Implementing the Mini-Language Arith in Elm

In my quest to better understand type theory, I’ve started reading Benjamin Pierce’s excellent book, Types and Programing Languages. Early on he introduces a little language — arith. While it is an untyped language, it is a superb vehicle for illustrating many fundamental notions and tools, e.g., structural induction, abstract syntax trees, etc. What I would like to describe here is a parser and interpreter for this language written in Elm. Writing code for these is a little exercise that helps to understand better some of the ideas in the book. Pierce gives a link to parser and interpreter code in OCaml. But of course one learns more if one does it oneself. The code for the Elm implementation is on GitHub.

Note (May 6, 2020): I’ve added an article on type-checking Arith.

The language has a very simple grammar sufficient to express some of the structure of the natural numbers. Simple foundations for the natural numbers were formulated by Peano (1879). A key feature of his formulation was the successor function succ: given a natural number n, the next natural number is succ n.
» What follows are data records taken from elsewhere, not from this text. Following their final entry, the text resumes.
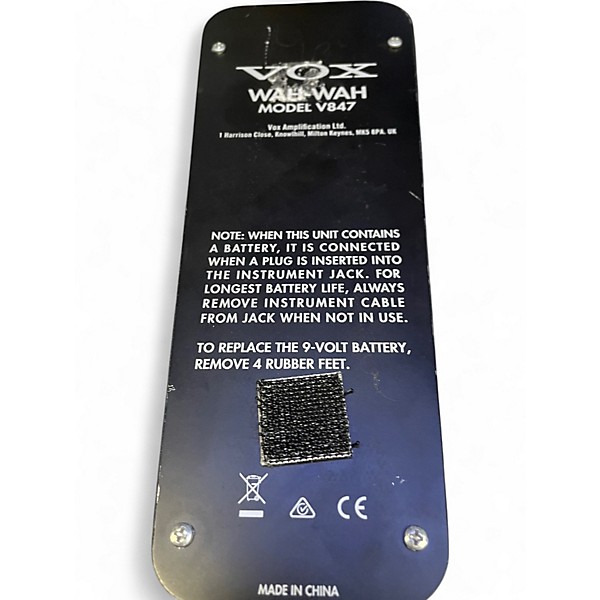 Used VOX V847 Reissue Wah Effect Pedal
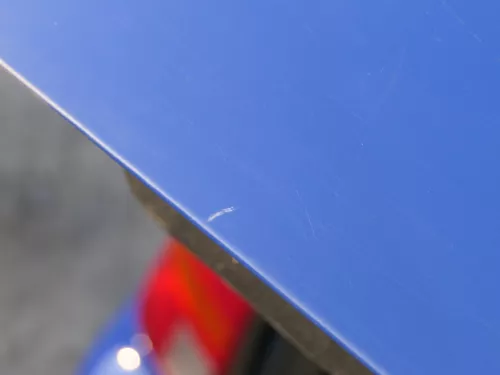 Golf 4 Bora Kombi Variant Heckklappe Klappe Scheibe hinten blau LA5C ohne Anbaut (185212)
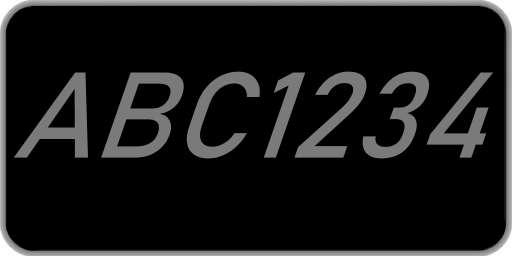 UK RETRO Registration Plate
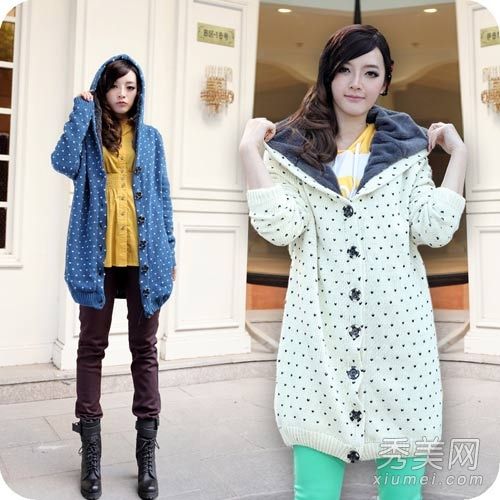 冬季毛衣外套款式时尚保暖修身搭配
To describe the grammar of arith, we give rules for forming its terms: (1) the symbols true, false, and 0 are terms; (2) if t is a term, then so are succ t, pred t, and iszero t; (3) If s t and u are terms, then so is if t then s else u. Here is an example of a “sentence” in arith, as a human would read it or write it:

   S = if iszero succ 0 then succ succ succ 0 else false

The real structure of the sentence S is given by the tree T pictured in the figure on the left. As we shall see shortly, one can construct a function parse that maps sentences s to one of two possible values. The first, in the case where the sentence "makes sense,” isOk t, where t is a representation of the tree corresponding to s. The second value, in the case where parse does not understand s, is Err str, where str is a string representing an error message. There is also a function stringValue, which maps trees to strings. These two functions are, roughly speaking inverses of each other. Therefore the string and tree representations of a term of arith are equivalent. Note, by the way, that there is no need for parentheses in the s-representation. The grammar is sufficient to give it an unambiguous meaning.

The tree created by parse is called an abstract syntax tree, or AST, for short. Jumping ahead a bit, let’s test the functions parse and stringValue using the Elm repl. We start with a string input, apply parse to it to produce an AST, then apply stringValue to the AST to recover the string input :

> input = "if iszero succ 0 then succ succ succ 0 else false"> parse input
Ok (IfExpr (IsZero (Succ Zero)) (Succ (Succ (Succ Zero))) F)
: Result (List Parser.DeadEnd) Term
> ast = IfExpr (IsZero (Succ Zero)) (Succ (Succ (Succ Zero))) F> stringValue ast
"if iszero succ 0 then succ succ succ 0 else False" : String

If the input is nonsense, then the parser returns an error value:

> parse "if 0 then pred else succ"
Err [...]
: Result (List Parser.DeadEnd) Term

We said that ast is the abstract syntax tree corresponding to the input sentence. We picture a representation of this tree on the left; it is a two-dimensional structure. But what we see in the terminal, is a “linear,” one-dimensional structure, with one word after another, albeit including parentheses. Both are representations of an Elm value. Every Elm value has a type, so we must formulate a definition of the type of AST’s, or what is the same thing, of terms. This is what we do next.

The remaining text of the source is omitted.